Open Relationships: These are Primary Relationships where the two individuals have reached a level of mutual trust and respect that they can have Satellite Relationships with each other’s knowledge that may include sexuality without threatening the Primary Relationship. The individuals can have relationships outside the Primary, or they can form family bonds with other couples; living together. These can involve a lot more than just one or two Satellite Relationships. There can also be juvenile members of the families involved.
Polyamory is described by one author as “…a relationship in which a person is intimately involved with more than one other person. For some people this might mean not just sexual relationships with more than one person but also relationships involving love, commitment, or emotional attachment.” So please don’t tell me you’re in a Poly relationship – it’s meaningless. How many people are involved? What are their ages and genders? Is there sexual activity between the participants? If they’re married, does their spouse know about the relationship? What level of honesty and openness is there between the participants? Even though the spouse may not be actively involved in that relationship, he or she is still a participant because of the impact the non-monogamous relationship has on the Primary relationship.
Not all Polyamorous relationships are sexual. When I was single I had a very rewarding relationship with a man’s wife, and he not only knew all about it – he welcomed it. I had season tickets to the Philharmonic in downtown Los Angeles, thanks to my ailing mother. When this lady discovered I had the tickets, she begged me to take her to a concert. She really enjoyed classical music and her husband couldn’t stand it. I agreed to take her to a concert, but only with her husband’s knowledge and permission. She had no trouble getting his permission and was very excited when I picked her up on a Friday night for the trip downtown. The music was Brahms and Beethoven, which was perfect for a hopeless romantic like me. During one symphony, she reached over and took my hand and placed it in her lap. That’s as intimate as we ever got. Granted, there was a hug and kiss goodnight when I returned her home, but they were strictly Platonic.
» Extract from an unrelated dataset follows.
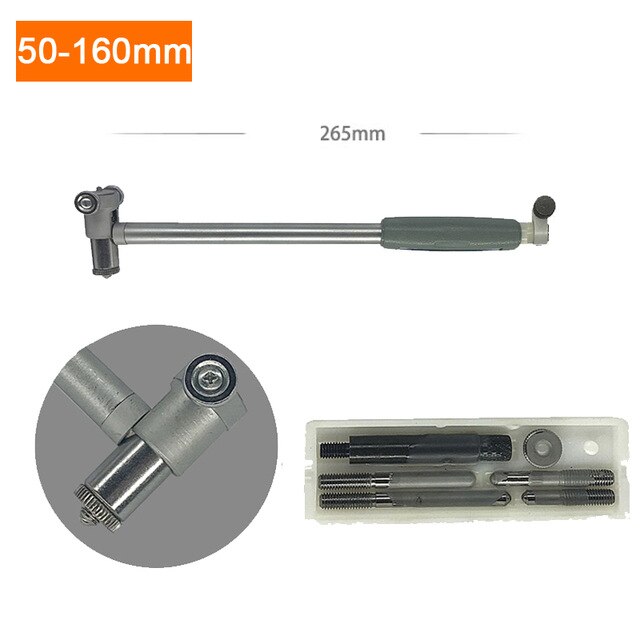 10-18-35-50-160 Inner Diameter Gauge Measuring Rod + Probe 10mm 0.01 indicator Accessories Inner Diameter Gauge Measurement Tool: 50-160mm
Sandstone Retreat was the first Clothing Optional resort in California. The members and their guests at a Saturday night party were nude 10 minutes after they arrived. When I managed the Retreat where 40 or 50 couples attended a good Saturday night party, and there was completely open sex (there was no privacy) in a 20 X 60 ft. room with some mattresses on the floor, and where I might have sexual relations with 4 or 5 women during the night, there were other women who I was non-sexual friends with – and those women might take on 5 or 6 men at a party. We just didn’t connect sexually, but we enjoyed each other’s company. Sometimes they needed an ear to hear about their problems, and I could offer advice on how to solve the problem. This might be done on a mattress downstairs with a couple making love beside us, or upstairs in the living room with a glass of wine.
Regardless, it’s critical that there is open, honest dialogue between the spouses before ever exploring outside the Primary to relieve the boredom sexually or non-sexually. Are the spouses going to share information about their Satellite relationships and if so, give how much detail?